- **Task instructions**
Beginning with the line that contains "Kesuksesan di tangan kamu", reproduce every line through the end of the records below exactly, and leave the pictures out.

- **Data for processing**
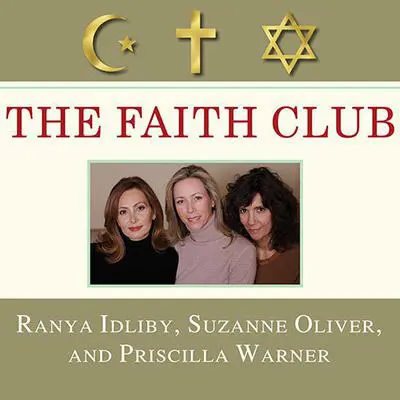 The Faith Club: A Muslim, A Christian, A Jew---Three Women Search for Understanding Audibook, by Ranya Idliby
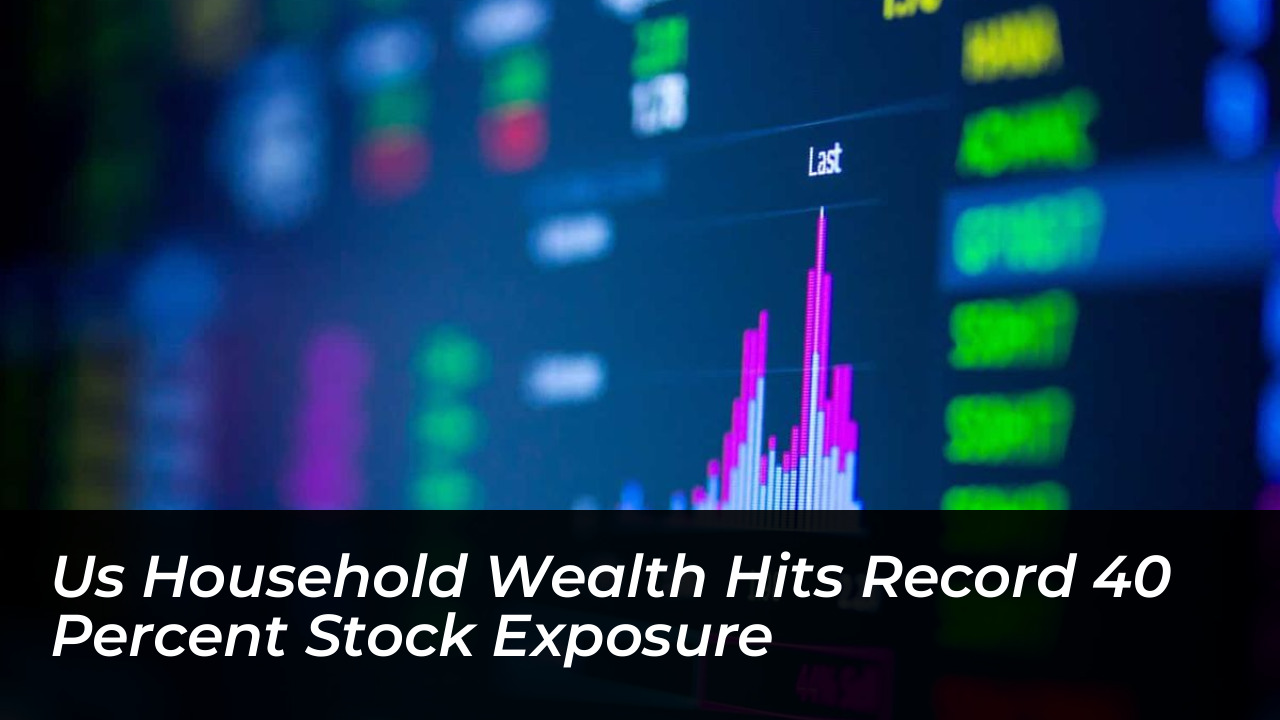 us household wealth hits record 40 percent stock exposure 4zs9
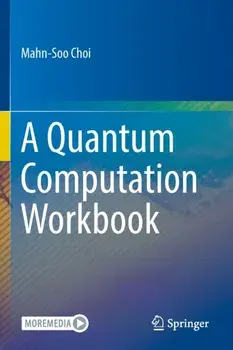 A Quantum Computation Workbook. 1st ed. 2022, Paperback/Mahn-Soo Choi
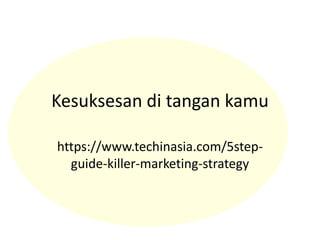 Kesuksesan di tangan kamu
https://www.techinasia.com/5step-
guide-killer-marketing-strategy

- **Exercise output**
 Kesuksesan di tangan kamu
https://www.techinasia.com/5step-
guide-killer-marketing-strategy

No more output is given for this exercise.